Dr. John H. Hartig, Contributor
Dr. John Hartig is currently a Fulbright Scholar serving as the Fulbright Canada Research Chair in Global Governance at Balsillie School of International Affairs in Waterloo, Ontario.
The focus of his Fulbright is multi-disciplinary research on cleanup of the Great Lakes. For the past 14 years he served as Refuge Manager for the Detroit River International Wildlife Refuge.
John has received a number of awards for his work, including the 2017 Community Peacemaker Award from Wayne State University’s Center for Peace and Conflict Studies, the 2016 Edward G. Voss Conservation Science Award from Michigan Nature Association, the 2015 Conservationist of the Year Award from the John Muir Association, and the 2013 Conservation Advocate of the Year Award from the Michigan League of Conservation Voters.
He has authored or co-authored over 100 publications on the environment, including four books: Bringing Conservation to Cities; Burning Rivers; Honoring Our Detroit River, Caring for Our Home; and Under RAPs: Toward Grassroots Ecological Democracy in the Great Lakes Basin.
John’s most recent book titled Bringing Conservation to Cities won a Gold Medal from the Nonfiction Authors Association in the “Sustainable Living” category and a bronze medal from the Living Now Book Awards in the “Green Living” category.
Andrew Reeves, Contributor (Ontario)
Andrew Reeves is an award-winning, Toronto-based environmental journalist and the author of Overrun: Dispatches from the Asian Carp Crisis, his in-depth look at how the invasive fish Asian carp have spread throughout America to the Great Lakes.
Andrew is also the editor-in-chief of Alternatives Journal, Canada’s oldest environmental publication. Before A\J, he was an energy and resource reporter with Queen’s Park Briefing, part of the Toronto Star Media Group, and a political reporter with Queen’s Park Today. Andrew was also the environmental columnist at This Magazine from 2015-2017 and, when called upon, is a contributing editor at the Missouri-based journal The New Territory.

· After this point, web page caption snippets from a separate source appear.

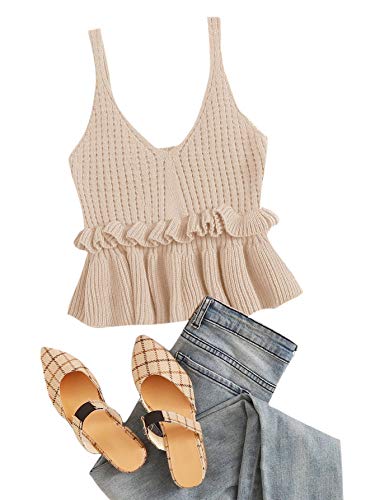 Image of SweatyRocks Women's Casual Sleeveless Peplum Tops Ruffle Hem Cropped Knit Sweater Vests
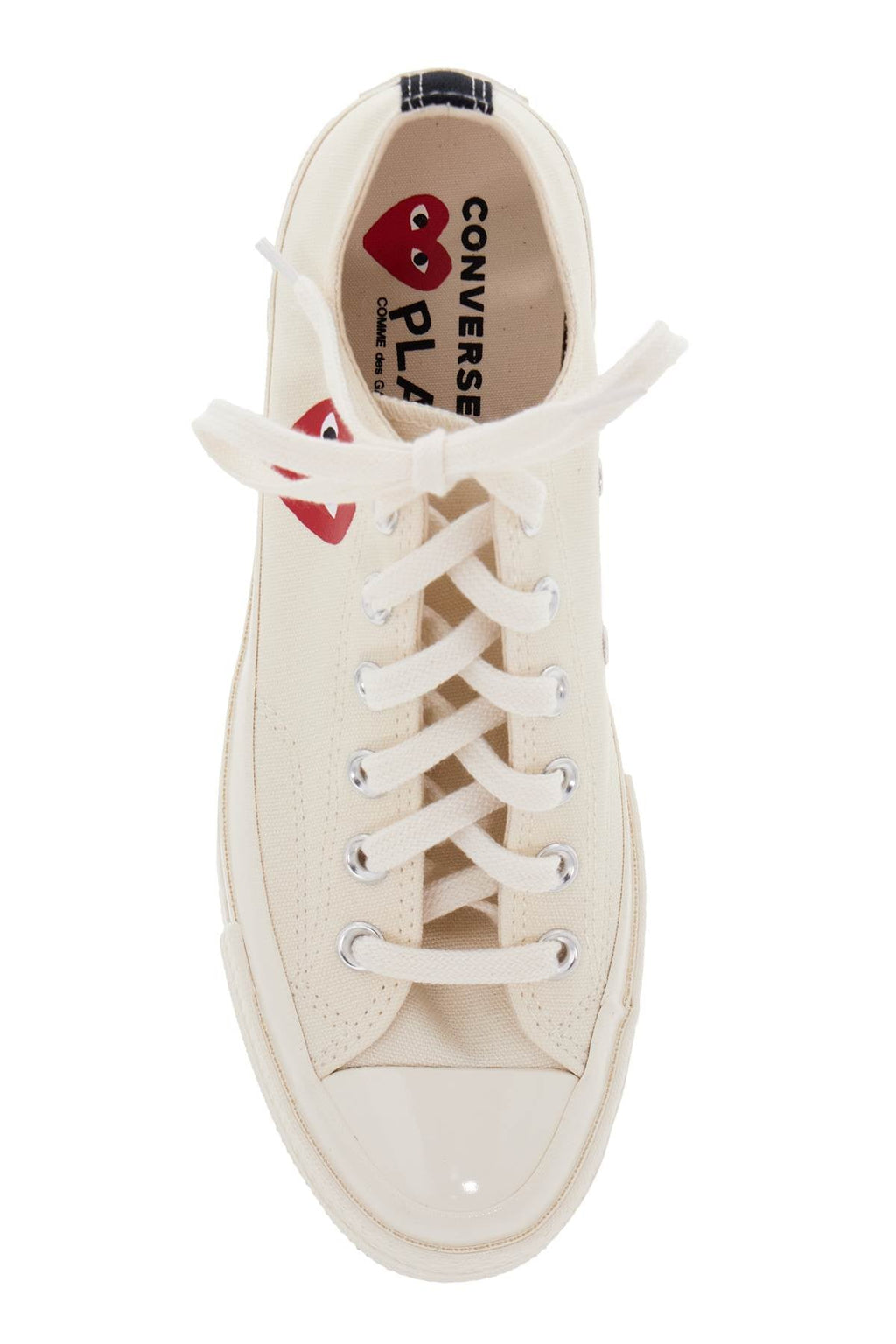 Comme Des Garçons Play Ivory Canvas Comme Des Garã§Ons X Converse Sneakers
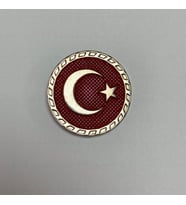 Gri Çerçeveli Türk Bayraklı Yaka Rozeti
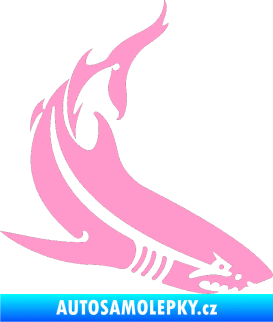 Samolepka Žralok 005 pravá světle růžová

In 2009, Andrew received his Masters degree in human geography from the University of Toronto and a Masters of Fine Arts in Creative Nonfiction from the University of King’s College in Halifax, Nova Scotia in 2016.

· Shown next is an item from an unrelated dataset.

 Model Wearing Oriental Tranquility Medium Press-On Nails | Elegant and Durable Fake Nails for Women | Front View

Jack Nissen, Lake Superior Contributor (Duluth)
Jack Nissen is a reporter at the Duluth News Tribune, has a Masters in Environmental Journalism from Michigan State University and is a member of the Society of Environmental Journalists.
He spent a year reporting on environmental news in the Great Lakes region during graduate school while conducting research on the coverage of the Flint Water Crisis.
He has published articles in the Detroit News, Bridge Magazine and the Minnesota Star Tribune.
Along with covering protests at Michigan State University in 2018, he’s also reported undercover at white supremacy rallies, covered political races and regional business trends and filed stories from disaster zones.
James Proffitt, Lake Erie Contributor (Marblehead)
James Proffitt was a freelance reporter for papers in Cincinnati and northern Kentucky before moving north to Marblehead, Ohio.
He worked for Gannett’s Newspaper Network of Central Ohio as a reporter and photographer for eight years and is now a frequent contributor to the Outdoor News Network.
He has work forthcoming in Lake Erie Living and Cooperative Living magazines.
Many of his news and photo features received AP awards and his verse and fiction have appeared in dozens of university and literary journals.
He writes and does videos about fishing, hunting, outdoors, conservation and all things Lake Erie, as well as its tributaries. In 2015 he published Marblehead Lighthouse on Lake Erie: Ohio’s Historic Beacon (now in its second printing) with Arcadia Press.